Pickett pauses at another grave. Here lies Donald Franklin, who viciously raped and murdered a San Antonio nurse. Just before he was executed 13 years later, he told Pickett he reckoned he’d be reincarnated as a tree in Tyler, Texas. Then he died.
And a little further is the only condemned man who never talked to Pickett about his crimes, even at the end. In 1976, James Demouchette and his brother executed two Houston Pizza Hut workers so they could steal a bag of change and a stereo. Almost 16 years later, he had nothing to say in his last day on earth, no final words - except that he didn’t want squash or okra with his final meal.But some tell everything, secrets that they won’t take to their grave. Other murders, rapes or inhumanities. Pickett carries those secrets with him now because a clergyman he cannot betray their confidence, even though the weight of knowing he might be able to salve a family’s anguish is sometimes to heavy to bear.
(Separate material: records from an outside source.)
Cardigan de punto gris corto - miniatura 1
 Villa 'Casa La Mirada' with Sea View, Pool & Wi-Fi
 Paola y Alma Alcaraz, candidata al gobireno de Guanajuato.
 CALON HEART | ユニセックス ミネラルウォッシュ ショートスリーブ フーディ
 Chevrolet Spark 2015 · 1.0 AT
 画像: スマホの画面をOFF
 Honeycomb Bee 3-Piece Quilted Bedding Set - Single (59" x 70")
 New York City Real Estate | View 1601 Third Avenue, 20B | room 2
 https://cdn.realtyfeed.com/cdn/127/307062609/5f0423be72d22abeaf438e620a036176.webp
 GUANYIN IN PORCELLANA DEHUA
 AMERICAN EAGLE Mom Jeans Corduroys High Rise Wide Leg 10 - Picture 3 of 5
His last stop before dark is Clifton Russell, one of two inmates executed on the same night in 1995. Pickett watched both of them die. Russell was first, simply because his inmate number was lower. The stultifying burden of ushering a man to his death, times two.
“I don’t know if I can ever get over that,” Pickett says, pulling his collar up against the wet wind.
A distant whistle blows at The Walls, the unit housing Texas’ death chamber, named for its fortress-like parapets. A dog howls in response from the trailer park on the cemetery’s southern edge.
“As I walk through these acres and acres of thousands and thousands of convicts, I am bothered emotionally, spiritually, and morally,” Pickett says on the way back to his car. “Many times, I have struggled with my feelings about this place.”
That’s not all Pickett has struggled with. The death house chaplain who escorted 95 men to whatever lay beyond for them, who walked the last eight paces with them, and who listened to whatever they wanted to say before their last midnight, is now an outspoken opponent of the death penalty. His 2002 book, “Within These Walls,” sketches his extraordinary path from a South Texas kid who believed in an eye for an eye, to a gentle pastor who witnessed the reality of it, and came to abhor it.
But Peckerwood Hill is an eternity from Austin and Washington. There are no politics in a graveyard. The criminal dead here don’t care anymore, even if their X’d headstones reflect America’s conflict - or lack of it - about capital punishment over the past 100 years or so. And most of those who care, well, they don’t end up on Peckerwood Hill.
“We all die somehow,” Rev. Pickett says as leaves. “A lot of these men were relieved to finally be done with it. If they believed in an afterlife, had any faith at all, this was freedom.”